You guys. That new Beyonce album dropped and I fell out. But, ever since then, I’ve been on a nonstop Vitamin Bey regimen. So, now I’m stronger than ever! No lie, my abs hurt because I’ve basically been dancing for four days straight. Just nonstop booty pops.
I’ve been feeling kind of uninspired lately. This blog can be tough for me sometimes because it’s not just about makeup, it’s also about writing. It’s hard for me to bring myself to write a lackluster, bare bones post about a product when I’m just not feeling the words. I hate it, and I wish knew how to write on command, but I don’t. I try to pump out something every day, but when the creativity isn’t there, it’s just not there. I’ve been getting stagnant while product just piles up on my desk. I haven’t even used my Naked3 palette. Isn’t that sad?
When I get blah like that, everything gets blah. I’d look in the mirror and not feel like putting makeup on because my hair has been looking like butt, my eyebrows were overgrown and I’ve been dealing with a breakout. Like, fuck putting all that time into my face when my eyebrows look like that. I needed a big change to shake myself up!
You get used to doing things a certain way, you know how to make it look good, but that’s no fun forever. I always want a new look! But, what? The biggest beauty change is always hair related, right? I don’t want bangs anyone, I don’t want long hair anymore, I don’t want the coppery color anymore, but what DO I want?
That’s where I always get stuck.
Over the years, I’ve tried to adopt a detached attitude to my hair. It’s just hair. It’ll grow back, you know? So, the problem isn’t that I’m scared of cutting my hair, the problem is that I can never decide HOW to cut my hair. My friend that usually does my hair takes a hands off approach to this part. Since we’re not just customer/client, we’re also ex-coworkers, party friends, and birthday week buddies, this adds an extra layer of trickiness. She worries about taking big risks because she doesn’t want to be responsible for something I end up hating, and I want her to tell me what to do. We frequently end up at this impasse. So, with her blessing, I went to another hairdresser to try and get a different perspective. It worked out great! Working with someone who doesn’t know all my annoying client quirks was just what I needed.
I went in, took a bunch of different pictures, told her I needed something big, and man, did I get it.
DO YOU LOVE IT?! I LOVE IT!!
I’ve wanted a color like this for years! But, as I got into my late twenties and then my thirties, I convinced myself that I was too old. I’d look at pictures of hair colored like this, and just hem and haw. I almost didn’t go through with it this time! I’m so glad I did though! My only condition was that if my hair was going to be blue, the cut had to be sophisticated. I’m sorry, but I really do think I’m too old to pull off super long blue hair. But that’s ok! I didn’t want that anyways!

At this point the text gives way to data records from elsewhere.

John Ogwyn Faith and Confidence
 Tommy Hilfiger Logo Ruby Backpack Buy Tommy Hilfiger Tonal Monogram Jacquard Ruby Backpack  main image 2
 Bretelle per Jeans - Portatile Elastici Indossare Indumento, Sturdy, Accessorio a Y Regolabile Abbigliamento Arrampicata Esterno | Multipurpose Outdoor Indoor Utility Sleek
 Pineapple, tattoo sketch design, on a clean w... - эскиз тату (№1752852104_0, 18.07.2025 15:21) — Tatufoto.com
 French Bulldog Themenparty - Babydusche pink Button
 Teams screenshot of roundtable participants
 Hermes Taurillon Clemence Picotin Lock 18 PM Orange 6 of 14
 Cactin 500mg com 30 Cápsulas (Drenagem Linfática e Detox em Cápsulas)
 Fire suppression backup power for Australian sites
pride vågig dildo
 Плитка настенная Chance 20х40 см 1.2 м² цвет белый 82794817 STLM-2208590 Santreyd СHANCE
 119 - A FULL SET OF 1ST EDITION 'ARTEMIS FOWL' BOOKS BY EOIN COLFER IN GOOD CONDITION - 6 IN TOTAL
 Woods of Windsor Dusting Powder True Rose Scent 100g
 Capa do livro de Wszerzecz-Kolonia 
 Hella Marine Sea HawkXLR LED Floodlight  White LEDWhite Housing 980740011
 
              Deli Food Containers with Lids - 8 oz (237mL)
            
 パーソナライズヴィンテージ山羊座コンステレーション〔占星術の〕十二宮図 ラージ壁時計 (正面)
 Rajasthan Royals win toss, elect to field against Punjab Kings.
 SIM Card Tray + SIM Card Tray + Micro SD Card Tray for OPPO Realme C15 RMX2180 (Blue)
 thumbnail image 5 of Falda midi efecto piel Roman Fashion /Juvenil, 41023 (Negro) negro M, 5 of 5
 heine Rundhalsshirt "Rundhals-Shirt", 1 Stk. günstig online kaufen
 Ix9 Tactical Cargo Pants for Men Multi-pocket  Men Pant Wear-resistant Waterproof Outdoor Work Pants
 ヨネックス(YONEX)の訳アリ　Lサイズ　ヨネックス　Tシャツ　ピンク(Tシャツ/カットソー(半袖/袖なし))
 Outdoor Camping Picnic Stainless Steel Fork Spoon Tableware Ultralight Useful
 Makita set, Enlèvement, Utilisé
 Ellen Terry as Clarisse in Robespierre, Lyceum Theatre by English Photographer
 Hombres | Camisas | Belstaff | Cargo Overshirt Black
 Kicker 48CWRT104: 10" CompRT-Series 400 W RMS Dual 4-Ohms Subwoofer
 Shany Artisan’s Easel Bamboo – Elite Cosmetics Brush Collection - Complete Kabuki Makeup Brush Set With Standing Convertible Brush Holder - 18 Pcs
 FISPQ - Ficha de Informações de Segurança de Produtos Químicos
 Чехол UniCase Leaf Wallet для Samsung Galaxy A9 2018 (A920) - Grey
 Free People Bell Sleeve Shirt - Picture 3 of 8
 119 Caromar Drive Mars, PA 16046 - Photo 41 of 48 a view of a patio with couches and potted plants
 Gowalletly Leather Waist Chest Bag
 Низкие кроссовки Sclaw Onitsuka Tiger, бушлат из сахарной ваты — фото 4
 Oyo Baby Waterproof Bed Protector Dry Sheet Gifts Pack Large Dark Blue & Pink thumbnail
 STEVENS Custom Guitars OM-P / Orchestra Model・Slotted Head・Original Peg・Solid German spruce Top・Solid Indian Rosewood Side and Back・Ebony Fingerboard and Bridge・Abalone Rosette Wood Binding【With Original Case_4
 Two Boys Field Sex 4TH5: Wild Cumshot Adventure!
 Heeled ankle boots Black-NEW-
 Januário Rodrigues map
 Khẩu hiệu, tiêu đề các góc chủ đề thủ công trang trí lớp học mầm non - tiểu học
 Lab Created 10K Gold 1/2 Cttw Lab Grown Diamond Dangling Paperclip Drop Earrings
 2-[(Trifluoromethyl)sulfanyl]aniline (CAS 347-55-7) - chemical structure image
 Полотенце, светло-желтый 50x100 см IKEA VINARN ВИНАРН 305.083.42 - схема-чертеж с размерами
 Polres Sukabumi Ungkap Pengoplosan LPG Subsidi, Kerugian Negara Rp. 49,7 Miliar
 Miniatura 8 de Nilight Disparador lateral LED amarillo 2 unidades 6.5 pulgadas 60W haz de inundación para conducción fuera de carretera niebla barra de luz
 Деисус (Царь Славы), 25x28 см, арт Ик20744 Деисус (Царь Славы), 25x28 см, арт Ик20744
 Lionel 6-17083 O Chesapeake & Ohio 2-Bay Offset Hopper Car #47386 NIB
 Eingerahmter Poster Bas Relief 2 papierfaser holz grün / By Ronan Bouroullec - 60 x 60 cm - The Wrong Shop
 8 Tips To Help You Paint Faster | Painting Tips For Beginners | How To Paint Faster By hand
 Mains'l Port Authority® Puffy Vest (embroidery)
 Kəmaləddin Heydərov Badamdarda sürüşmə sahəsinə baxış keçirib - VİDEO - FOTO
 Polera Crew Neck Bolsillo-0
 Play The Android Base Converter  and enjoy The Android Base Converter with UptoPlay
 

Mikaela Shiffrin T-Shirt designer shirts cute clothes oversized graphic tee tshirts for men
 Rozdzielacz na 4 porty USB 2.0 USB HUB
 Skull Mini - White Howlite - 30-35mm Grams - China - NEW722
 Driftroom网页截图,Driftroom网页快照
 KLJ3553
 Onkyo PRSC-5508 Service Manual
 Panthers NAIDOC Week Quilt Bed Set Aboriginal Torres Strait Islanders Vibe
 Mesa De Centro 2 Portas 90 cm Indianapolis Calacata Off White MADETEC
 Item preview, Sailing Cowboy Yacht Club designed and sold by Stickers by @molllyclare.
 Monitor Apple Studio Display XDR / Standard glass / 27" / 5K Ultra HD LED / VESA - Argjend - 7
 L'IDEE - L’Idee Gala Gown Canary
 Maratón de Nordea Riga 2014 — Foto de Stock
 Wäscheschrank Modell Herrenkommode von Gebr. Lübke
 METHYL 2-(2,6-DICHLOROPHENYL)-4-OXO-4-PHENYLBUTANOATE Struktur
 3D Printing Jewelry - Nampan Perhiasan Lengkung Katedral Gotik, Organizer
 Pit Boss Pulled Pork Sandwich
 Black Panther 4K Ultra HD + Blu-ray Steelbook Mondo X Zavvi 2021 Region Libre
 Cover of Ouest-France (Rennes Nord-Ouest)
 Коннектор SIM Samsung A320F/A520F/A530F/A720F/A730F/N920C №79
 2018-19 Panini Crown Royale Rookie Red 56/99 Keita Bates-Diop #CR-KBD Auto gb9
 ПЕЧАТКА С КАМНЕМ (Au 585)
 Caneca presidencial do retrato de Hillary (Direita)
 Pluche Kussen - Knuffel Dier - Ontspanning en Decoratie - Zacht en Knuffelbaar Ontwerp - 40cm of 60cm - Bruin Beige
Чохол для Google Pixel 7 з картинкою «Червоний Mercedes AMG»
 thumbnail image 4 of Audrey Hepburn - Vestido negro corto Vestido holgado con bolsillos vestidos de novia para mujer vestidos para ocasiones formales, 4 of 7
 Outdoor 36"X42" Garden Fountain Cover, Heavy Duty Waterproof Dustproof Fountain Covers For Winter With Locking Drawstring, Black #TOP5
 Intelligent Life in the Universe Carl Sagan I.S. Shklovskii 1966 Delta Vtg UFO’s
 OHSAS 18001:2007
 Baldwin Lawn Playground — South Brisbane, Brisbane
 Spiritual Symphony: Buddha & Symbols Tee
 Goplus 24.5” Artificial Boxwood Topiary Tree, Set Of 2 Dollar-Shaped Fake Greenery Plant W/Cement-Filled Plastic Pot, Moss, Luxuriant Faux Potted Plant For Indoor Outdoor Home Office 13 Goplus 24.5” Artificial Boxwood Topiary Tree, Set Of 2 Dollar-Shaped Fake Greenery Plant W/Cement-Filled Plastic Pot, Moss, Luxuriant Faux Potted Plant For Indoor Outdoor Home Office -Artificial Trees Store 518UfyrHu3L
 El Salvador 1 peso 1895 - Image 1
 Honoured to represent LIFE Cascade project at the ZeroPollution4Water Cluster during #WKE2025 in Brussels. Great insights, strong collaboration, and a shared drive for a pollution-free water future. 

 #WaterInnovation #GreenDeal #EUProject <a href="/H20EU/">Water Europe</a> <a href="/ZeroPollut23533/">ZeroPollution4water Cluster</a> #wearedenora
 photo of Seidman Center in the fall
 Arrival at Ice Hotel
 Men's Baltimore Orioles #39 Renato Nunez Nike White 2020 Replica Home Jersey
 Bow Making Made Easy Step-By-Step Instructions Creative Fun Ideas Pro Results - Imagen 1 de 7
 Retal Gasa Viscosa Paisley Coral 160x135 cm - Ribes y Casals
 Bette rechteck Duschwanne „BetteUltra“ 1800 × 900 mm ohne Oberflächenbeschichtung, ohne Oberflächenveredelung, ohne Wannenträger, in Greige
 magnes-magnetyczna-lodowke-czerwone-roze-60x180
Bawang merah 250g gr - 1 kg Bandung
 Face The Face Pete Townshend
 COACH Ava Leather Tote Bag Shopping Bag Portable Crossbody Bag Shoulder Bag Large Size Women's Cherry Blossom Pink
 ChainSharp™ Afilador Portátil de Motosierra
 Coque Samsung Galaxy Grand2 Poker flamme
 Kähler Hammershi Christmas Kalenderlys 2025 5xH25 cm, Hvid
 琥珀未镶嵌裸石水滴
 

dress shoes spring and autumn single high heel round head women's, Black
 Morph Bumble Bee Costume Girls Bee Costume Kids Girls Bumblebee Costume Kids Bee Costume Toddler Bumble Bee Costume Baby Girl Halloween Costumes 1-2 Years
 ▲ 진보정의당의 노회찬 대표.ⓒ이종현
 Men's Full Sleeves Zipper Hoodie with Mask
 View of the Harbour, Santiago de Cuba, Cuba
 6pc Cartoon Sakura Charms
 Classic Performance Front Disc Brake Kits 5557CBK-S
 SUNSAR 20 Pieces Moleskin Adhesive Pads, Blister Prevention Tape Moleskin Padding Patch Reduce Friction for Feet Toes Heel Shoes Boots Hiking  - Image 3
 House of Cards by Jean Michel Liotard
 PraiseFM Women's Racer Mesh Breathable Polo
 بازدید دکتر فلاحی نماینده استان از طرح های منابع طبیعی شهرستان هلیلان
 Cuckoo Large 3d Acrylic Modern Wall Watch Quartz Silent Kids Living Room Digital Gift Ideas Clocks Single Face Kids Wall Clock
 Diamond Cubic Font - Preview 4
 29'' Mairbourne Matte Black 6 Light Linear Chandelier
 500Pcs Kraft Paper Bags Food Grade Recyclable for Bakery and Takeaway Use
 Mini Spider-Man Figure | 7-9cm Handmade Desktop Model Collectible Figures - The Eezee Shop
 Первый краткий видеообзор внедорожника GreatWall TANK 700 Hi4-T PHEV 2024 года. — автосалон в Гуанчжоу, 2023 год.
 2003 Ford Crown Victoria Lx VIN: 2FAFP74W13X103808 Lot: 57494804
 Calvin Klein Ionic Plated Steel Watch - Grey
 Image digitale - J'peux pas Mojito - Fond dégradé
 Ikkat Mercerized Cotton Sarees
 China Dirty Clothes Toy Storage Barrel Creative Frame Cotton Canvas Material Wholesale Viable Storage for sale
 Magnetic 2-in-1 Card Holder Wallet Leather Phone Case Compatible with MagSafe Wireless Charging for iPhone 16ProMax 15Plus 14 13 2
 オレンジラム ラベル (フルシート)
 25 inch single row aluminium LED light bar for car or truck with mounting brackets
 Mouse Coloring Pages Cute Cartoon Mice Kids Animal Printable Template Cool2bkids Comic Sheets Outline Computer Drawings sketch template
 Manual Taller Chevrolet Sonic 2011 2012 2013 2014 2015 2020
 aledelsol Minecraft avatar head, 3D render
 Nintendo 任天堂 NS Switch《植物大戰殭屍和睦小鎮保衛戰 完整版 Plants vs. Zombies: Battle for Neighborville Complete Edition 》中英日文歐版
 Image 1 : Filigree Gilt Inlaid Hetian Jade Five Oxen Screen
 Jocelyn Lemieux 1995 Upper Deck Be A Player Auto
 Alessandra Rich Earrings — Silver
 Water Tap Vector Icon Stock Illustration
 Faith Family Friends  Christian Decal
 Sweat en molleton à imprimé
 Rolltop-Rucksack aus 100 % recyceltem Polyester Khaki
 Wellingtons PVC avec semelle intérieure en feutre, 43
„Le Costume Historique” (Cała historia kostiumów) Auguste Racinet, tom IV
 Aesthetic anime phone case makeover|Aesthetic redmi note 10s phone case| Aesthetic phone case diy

Beauty risks are so fucking scary. What if you hate it? What if it looks terrible? What if people think you look stupid? We get so stuck on the negative what ifs, that I think we forget to think about the positive ifs. Like, what if you look fucking amazing? What if a modeling scout sees you and you become a superstar? What if you love it? If nobody is telling you you can’t do something, why do we tell ourselves? We’re our own worst enemies. We’ll stand on the metaphorical edge of a big decision cliff, look down and say, “I can’t jump! What if I fall?!” But, we rarely stop to consider the possibility that we could fly. What if you could fly all along but you never knew because you never tried? That’s not just hair, that’s life, bbs! It sounds like such corny bullshit, but it’s a concept I struggle with often. It takes mighty big ovaries to step outside of our comfort zones, but it’s always worth it. Even when we fail, it’s a success, because we tried. This is dumb too, but it’s like when I decided to try being a blonde. It looked terrible, but at least I found out! I could stop wondering about it, and file it away. And really, that’s the worst that can happen. It looks bad. No big deal, everything is fixable with enough color and time!
Regrets are stupid and indecision is the worst. Sometimes, you just have to jump.